I had no idea!  I always used those balls that had the oil inside and the outer part melted away.


----------



## Livx (Aug 28, 2018)

After months of trying different recipes and most failing, exploding, lumps etc, I keep mine in the moulds and put them in container in the coolest part of the house. Made a batch and left half to dry and the rest in moulds. The ones I unmoulded crumbled and fell to pieces after a few days and the other ones turned out perfect and rock hard. Same recipe. I’ve concluded that unless you have the perfect humidity and drying conditions it’s best to leave them inside the moulds for a few days so they dry and keep their shape. A week is perfect.


----------



## dndlyon (Aug 28, 2018)

Any recipe I've tried to oven dry has blown up. My experience is similar to Livx's - the success of my bath bombs and shower melts is directly linked to the production area humidity.

I can really only make them in winter. I've thought about using a large cardboard box with desiccant packets as my molds are not fully closed. Thanks for posting this @Holly8991 ! I'm curious to see what has worked for others!


----------



## shunt2011 (Aug 28, 2018)

I let mine sit out for about  8-12 hours and then turn the oven on the lowest and once temp reached shot the oven off and put my bombs in.   Leave until cooled.  If you put them in the oven too soon they will inflate and grow.  As seen in my previous post. [emoji3]


----------



## SaltedFig (Aug 28, 2018)

Relle said:


> It's only 9 yrs ago, of course they go beyond 2009. The first one was made in 1989 - 29 yrs ago . It's not actually the dinosaur age .
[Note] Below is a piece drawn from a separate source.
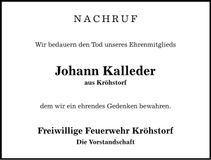 Traueranzeige Johann Kalleder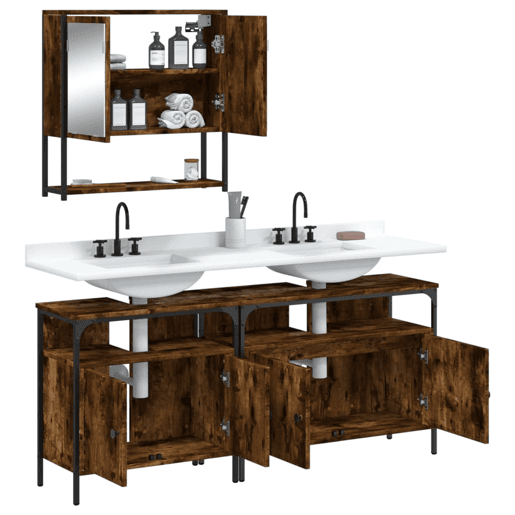 vidaXL 3 pcs conjunto de móveis WC madeira processada carvalho fumado vidaXL 3 pcs conjunto de móveis WC madeira processada carvalho fumado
And before bath bombs (or Lush) there were fizzy little bath cubes, about the size of a large sugar cube. They came in little cardboard boxes, out of England or France I think, and they often smelt of roses. Those were around decades before the "bath bomb" of today. The company that made them also made drawer liners, little scented hand soaps and other grandmotherly things


----------



## Misschief (Aug 28, 2018)

SaltedFig said:


> And before bath bombs (or Lush) there were fizzy little bath cubes, about the size of a large sugar cube. They came in little cardboard boxes, out of England or France I think, and they often smelt of roses. Those were around decades before the "bath bomb" of today. The company that made them also made drawer liners, little scented hand soaps and other grandmotherly things



That company was most likely Yardley.


----------



## SaltedFig (Aug 29, 2018)

That sounds about right Misschief!

I found this (sold) etsy listing for another one from the 1940's too ...

https://www.etsy.com/au/listing/521...vender-soap-bath-cubes?show_sold_out_detail=1

We always had the little ones, not these big ones, so if we were lucky we'd get two, but most times it was just one for the bath ... as a child I liked to watch them bob about after they were dropped into the bath. I think the big ones weren't as nice either (they weren't as tightly packed I think, and the smell wasn't the same ... or something. A while ago.)


----------



## earlene (Aug 29, 2018)

Yes,  I used to really enjoy English Lavender bath cubes.  I do believe they are still available in some stores.  I am pretty sure I have seen them in brick and mortar stores not very long ago.  Target or Marshall's or someplace like that.


----------